Instructions for the task:
Copy word for word the line containing "Lamborghini Miura, el" together with all lines following it to the end of the listing below, without the pictures.

== Exercise material ==

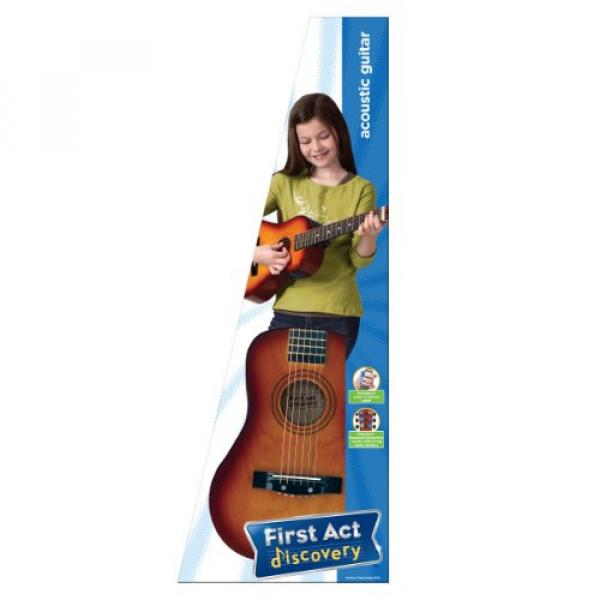 First Act FG127 Acoustic Guitar #4 image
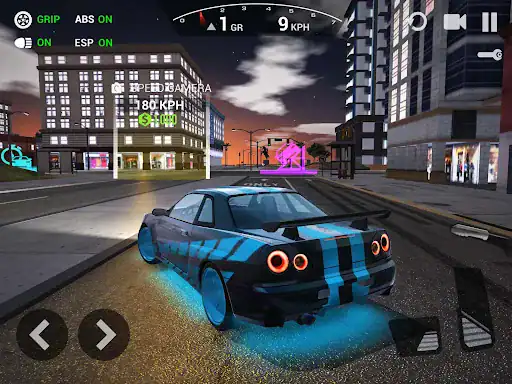شبیه ساز رانندگی 2025 Ultimate Car Driving Simulator - اسکرین‌شات 11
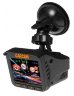 Видеорегистратор Carcam Каркам Комбо 5S + радар+GPSтрекер+3G 2304х1296,2.4",160°,OV4689,2 камеры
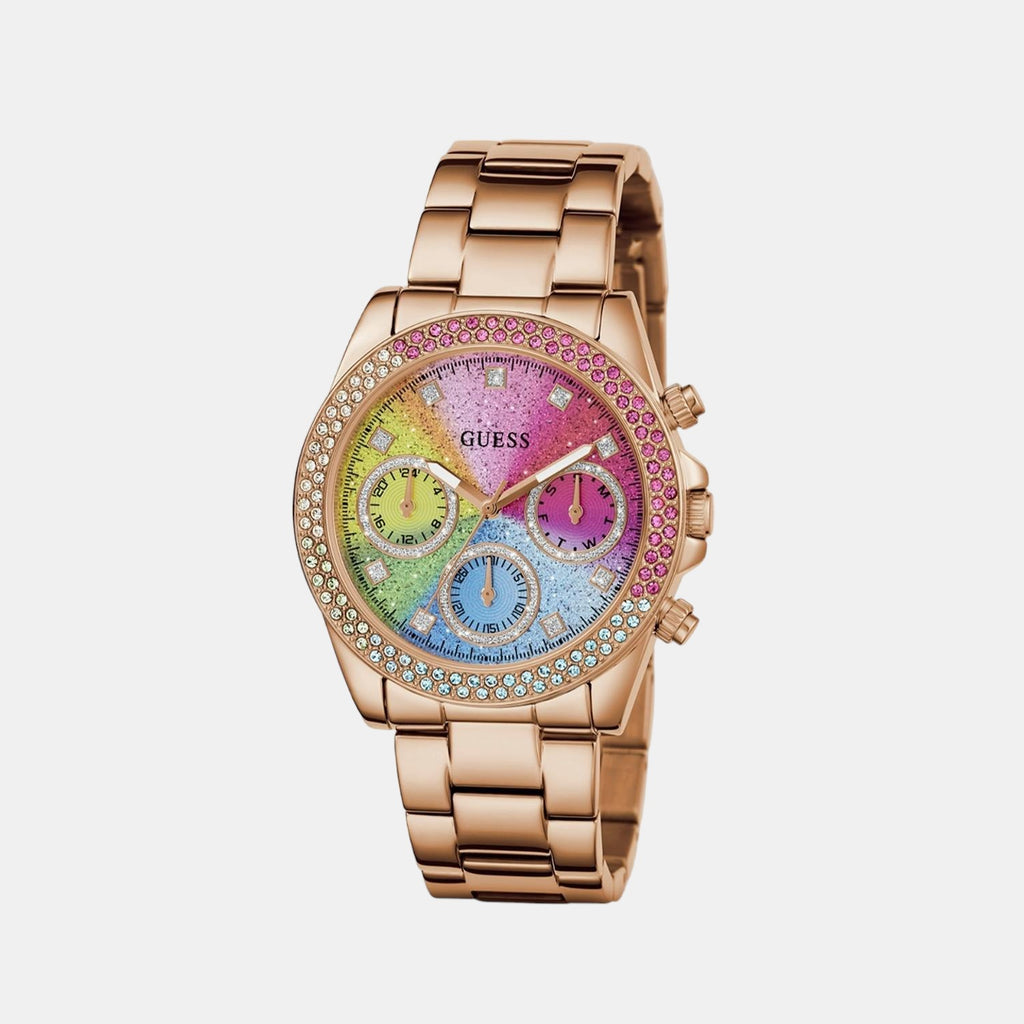 Guess 38 mm Round Quartz watch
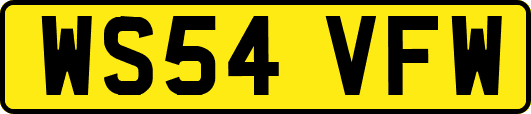 WS54VFW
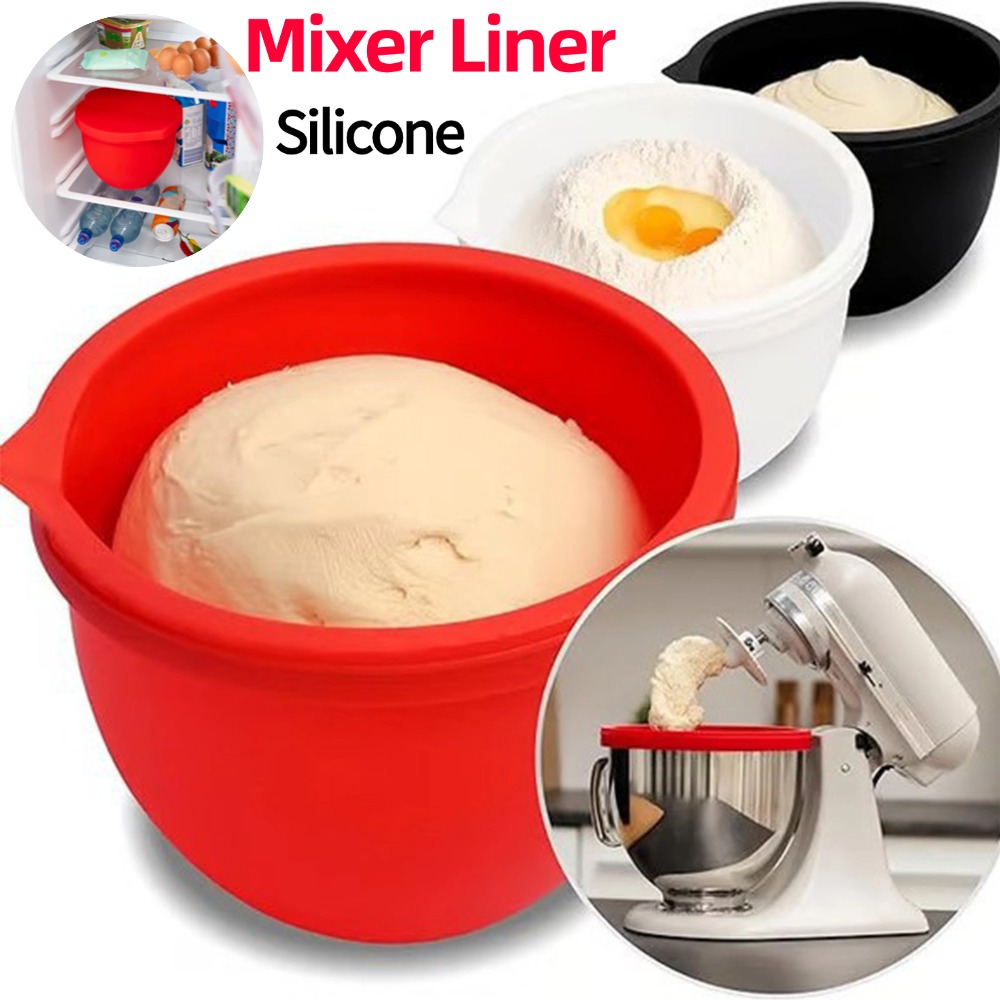 1-3pcs for Kitchen Aid Tilt-He - Kitchenaid Baking Bowl recension och pris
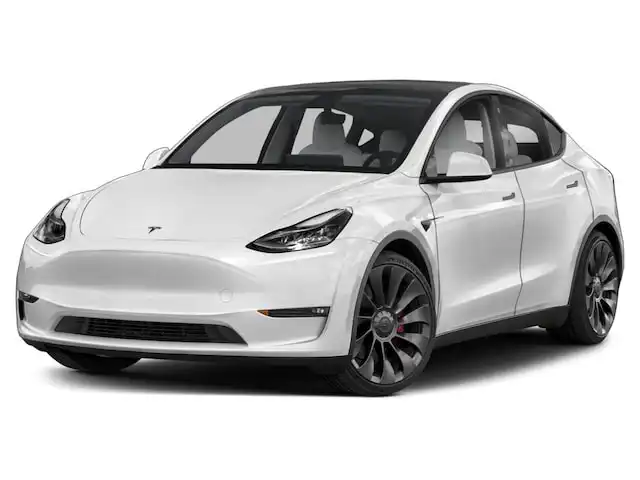 2022 Tesla Model Y Long Range Dual Motor All-Wheel Drive's photo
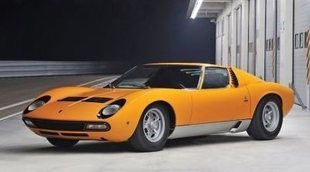 Lamborghini Miura, el coche que cambió la historia de los deportivos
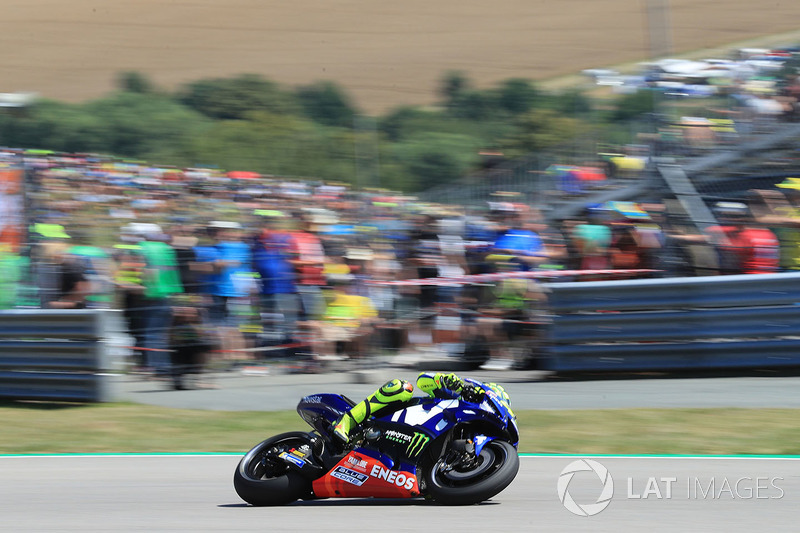 Valentino Rossi, Yamaha Factory Racing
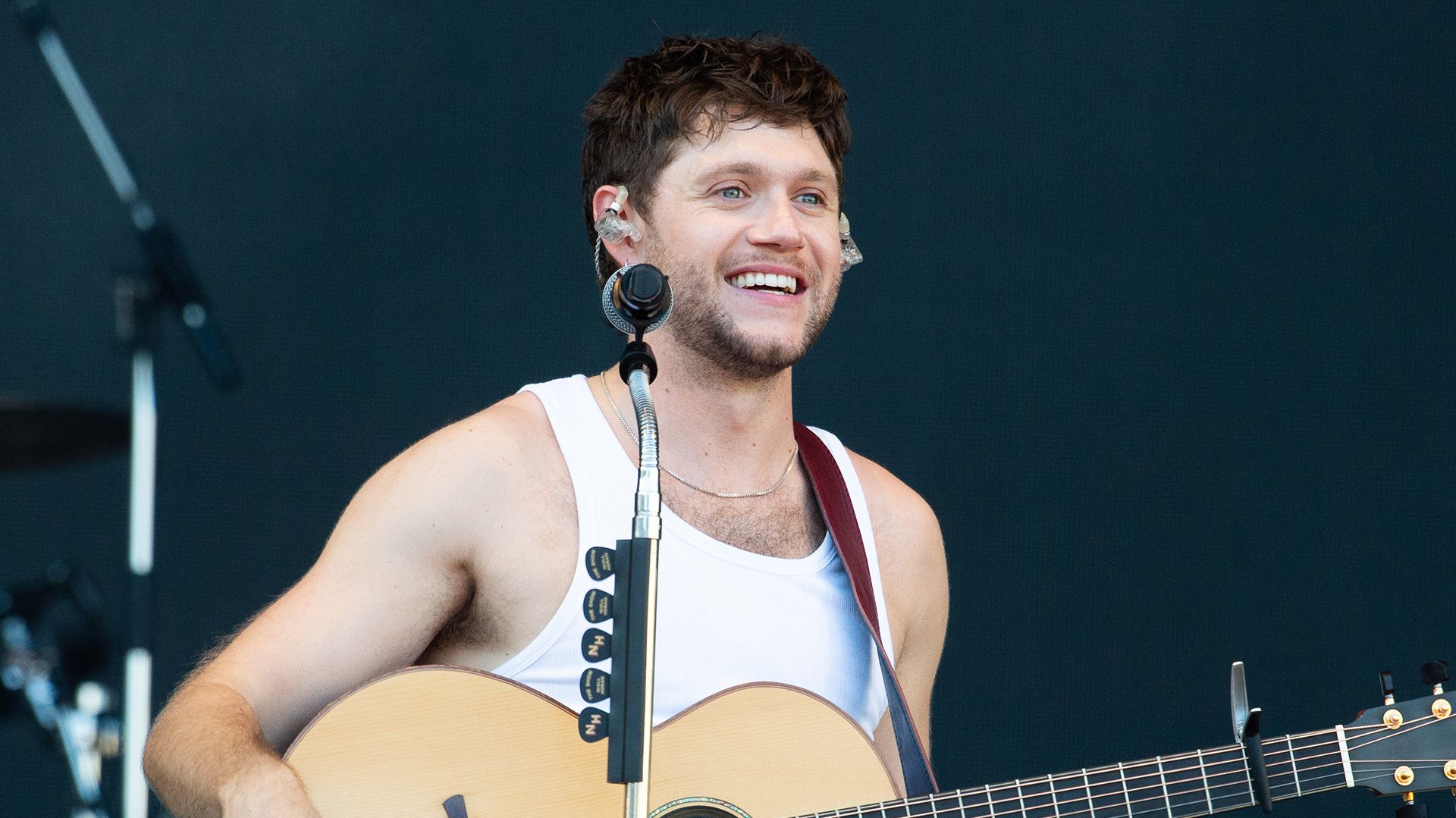 Niall Horan releases new country collab with Thomas Rhett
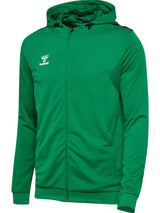 HUMMEL Authentic PL Zip Hoodie (jelly bean)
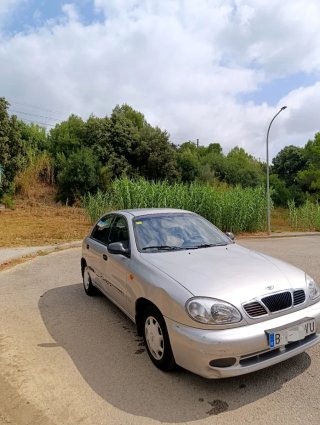 Daewoo Lanos 1997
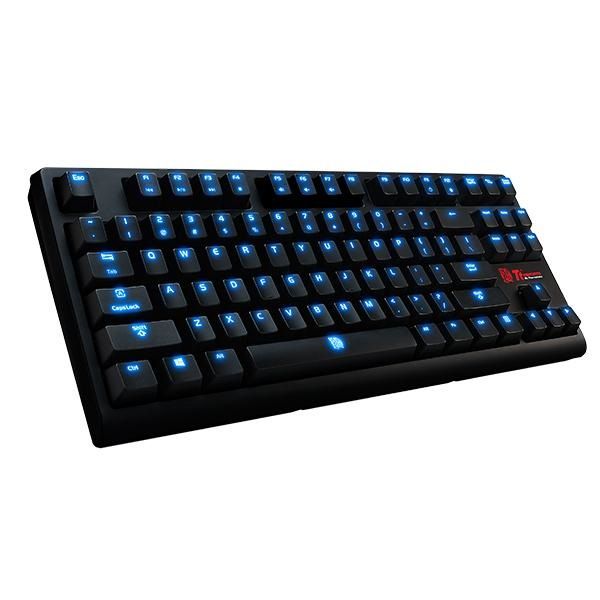 Thermaltake Poseidon ZX Keyboard - Black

===

Answer area:
 Lamborghini Miura, el coche que cambió la historia de los deportivos
 Valentino Rossi, Yamaha Factory Racing
 Niall Horan releases new country collab with Thomas Rhett
 HUMMEL Authentic PL Zip Hoodie (jelly bean)
 Daewoo Lanos 1997
 Thermaltake Poseidon ZX Keyboard - Black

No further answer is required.